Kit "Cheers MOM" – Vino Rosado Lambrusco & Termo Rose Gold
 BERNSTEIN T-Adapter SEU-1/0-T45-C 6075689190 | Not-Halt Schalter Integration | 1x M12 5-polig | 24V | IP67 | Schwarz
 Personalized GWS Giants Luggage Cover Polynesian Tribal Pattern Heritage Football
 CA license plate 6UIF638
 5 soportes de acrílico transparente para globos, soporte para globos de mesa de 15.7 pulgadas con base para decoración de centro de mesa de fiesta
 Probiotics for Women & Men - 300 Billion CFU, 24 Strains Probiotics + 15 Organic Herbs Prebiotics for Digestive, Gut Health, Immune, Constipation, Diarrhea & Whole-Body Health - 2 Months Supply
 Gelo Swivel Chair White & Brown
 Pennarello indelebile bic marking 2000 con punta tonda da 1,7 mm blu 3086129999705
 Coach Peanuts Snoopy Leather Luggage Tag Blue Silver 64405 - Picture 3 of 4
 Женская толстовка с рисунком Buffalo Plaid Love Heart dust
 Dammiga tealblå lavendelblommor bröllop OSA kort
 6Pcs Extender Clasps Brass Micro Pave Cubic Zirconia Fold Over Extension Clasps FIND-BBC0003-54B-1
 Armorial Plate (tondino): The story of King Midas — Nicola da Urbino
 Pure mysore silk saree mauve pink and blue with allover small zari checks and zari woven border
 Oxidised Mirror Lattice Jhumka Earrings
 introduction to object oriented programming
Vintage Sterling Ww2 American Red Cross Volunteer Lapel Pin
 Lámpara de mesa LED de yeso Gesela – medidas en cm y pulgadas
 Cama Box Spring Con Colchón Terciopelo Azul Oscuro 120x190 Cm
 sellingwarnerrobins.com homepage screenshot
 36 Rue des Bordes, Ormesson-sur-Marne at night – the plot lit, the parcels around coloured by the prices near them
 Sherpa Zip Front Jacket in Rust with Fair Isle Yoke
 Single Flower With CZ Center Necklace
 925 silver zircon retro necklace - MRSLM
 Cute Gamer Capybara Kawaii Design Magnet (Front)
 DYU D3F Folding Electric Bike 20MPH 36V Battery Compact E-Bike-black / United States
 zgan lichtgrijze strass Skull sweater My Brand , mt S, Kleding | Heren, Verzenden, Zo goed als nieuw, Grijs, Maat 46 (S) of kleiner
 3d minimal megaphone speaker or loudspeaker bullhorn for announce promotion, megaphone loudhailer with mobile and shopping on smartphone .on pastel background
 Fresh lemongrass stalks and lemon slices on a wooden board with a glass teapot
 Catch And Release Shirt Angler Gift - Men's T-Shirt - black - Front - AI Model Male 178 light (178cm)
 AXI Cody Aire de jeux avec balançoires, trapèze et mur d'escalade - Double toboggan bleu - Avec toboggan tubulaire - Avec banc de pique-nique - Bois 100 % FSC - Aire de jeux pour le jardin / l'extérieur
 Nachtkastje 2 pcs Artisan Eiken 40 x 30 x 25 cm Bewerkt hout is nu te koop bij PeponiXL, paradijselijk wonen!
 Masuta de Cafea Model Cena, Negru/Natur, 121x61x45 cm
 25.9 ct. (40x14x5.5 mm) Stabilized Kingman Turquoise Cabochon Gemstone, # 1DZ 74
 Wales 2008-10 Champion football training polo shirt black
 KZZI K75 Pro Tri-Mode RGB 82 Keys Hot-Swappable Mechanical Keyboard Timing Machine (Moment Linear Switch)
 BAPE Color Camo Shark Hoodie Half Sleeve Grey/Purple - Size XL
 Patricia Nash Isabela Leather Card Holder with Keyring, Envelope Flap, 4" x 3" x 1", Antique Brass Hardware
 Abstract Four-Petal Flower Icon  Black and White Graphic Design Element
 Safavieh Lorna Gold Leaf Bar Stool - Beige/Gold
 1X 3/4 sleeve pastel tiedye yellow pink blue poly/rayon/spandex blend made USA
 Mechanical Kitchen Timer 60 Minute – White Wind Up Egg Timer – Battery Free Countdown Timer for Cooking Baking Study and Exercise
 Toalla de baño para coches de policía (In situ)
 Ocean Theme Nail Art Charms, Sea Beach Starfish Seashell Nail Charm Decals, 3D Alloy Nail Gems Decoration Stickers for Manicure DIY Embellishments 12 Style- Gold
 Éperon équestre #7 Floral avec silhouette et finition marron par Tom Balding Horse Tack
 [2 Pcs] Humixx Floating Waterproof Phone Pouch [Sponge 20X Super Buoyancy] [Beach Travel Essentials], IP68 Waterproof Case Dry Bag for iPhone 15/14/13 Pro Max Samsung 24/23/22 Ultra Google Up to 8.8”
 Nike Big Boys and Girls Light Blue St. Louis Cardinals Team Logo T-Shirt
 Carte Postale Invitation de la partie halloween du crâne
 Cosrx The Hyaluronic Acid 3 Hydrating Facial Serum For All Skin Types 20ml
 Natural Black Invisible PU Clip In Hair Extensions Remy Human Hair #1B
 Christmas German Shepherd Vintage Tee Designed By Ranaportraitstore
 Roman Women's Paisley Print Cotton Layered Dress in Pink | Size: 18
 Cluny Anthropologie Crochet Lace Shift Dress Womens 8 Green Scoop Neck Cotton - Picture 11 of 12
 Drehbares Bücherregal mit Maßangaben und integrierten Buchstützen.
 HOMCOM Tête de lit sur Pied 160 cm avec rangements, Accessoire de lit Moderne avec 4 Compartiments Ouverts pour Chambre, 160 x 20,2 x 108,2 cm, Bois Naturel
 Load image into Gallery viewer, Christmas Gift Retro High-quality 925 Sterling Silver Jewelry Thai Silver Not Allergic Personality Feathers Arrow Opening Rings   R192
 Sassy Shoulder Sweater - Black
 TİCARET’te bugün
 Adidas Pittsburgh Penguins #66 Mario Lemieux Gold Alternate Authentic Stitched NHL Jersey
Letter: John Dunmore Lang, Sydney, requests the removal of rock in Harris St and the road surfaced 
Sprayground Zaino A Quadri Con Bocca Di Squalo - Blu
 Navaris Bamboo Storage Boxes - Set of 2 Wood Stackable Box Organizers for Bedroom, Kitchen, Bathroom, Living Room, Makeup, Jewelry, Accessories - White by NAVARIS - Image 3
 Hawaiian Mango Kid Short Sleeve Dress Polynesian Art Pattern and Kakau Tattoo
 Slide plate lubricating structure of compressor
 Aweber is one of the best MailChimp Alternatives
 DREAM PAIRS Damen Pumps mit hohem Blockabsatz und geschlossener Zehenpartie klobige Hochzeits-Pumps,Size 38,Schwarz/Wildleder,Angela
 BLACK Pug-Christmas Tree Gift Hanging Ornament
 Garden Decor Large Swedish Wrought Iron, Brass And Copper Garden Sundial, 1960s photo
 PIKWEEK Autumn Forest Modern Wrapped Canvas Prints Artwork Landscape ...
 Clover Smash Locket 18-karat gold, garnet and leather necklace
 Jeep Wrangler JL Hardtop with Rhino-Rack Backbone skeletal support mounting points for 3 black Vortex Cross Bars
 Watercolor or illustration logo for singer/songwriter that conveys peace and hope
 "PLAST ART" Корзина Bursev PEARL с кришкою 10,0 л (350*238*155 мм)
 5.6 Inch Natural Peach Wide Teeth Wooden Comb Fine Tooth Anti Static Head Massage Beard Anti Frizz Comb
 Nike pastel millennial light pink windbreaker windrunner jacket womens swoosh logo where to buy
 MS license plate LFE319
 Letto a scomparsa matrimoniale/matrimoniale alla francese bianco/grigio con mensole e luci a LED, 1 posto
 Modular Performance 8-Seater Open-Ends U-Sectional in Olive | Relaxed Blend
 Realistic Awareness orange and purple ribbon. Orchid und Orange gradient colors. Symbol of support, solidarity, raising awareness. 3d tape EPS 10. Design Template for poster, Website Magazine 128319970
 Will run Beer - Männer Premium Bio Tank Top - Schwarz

--- What you need to do ---
Using the material above, transcribe exactly the lines from the line with "Coach Peanuts Snoopy" to the line with "36 Rue des Bordes, Ormesson-sur-Marne"; both count, and nothing else goes in.

--- Answer ---
 Coach Peanuts Snoopy Leather Luggage Tag Blue Silver 64405 - Picture 3 of 4
 Женская толстовка с рисунком Buffalo Plaid Love Heart dust
 Dammiga tealblå lavendelblommor bröllop OSA kort
 6Pcs Extender Clasps Brass Micro Pave Cubic Zirconia Fold Over Extension Clasps FIND-BBC0003-54B-1
 Armorial Plate (tondino): The story of King Midas — Nicola da Urbino
 Pure mysore silk saree mauve pink and blue with allover small zari checks and zari woven border
 Oxidised Mirror Lattice Jhumka Earrings
 introduction to object oriented programming
Vintage Sterling Ww2 American Red Cross Volunteer Lapel Pin
 Lámpara de mesa LED de yeso Gesela – medidas en cm y pulgadas
 Cama Box Spring Con Colchón Terciopelo Azul Oscuro 120x190 Cm
 sellingwarnerrobins.com homepage screenshot
 36 Rue des Bordes, Ormesson-sur-Marne at night – the plot lit, the parcels around coloured by the prices near them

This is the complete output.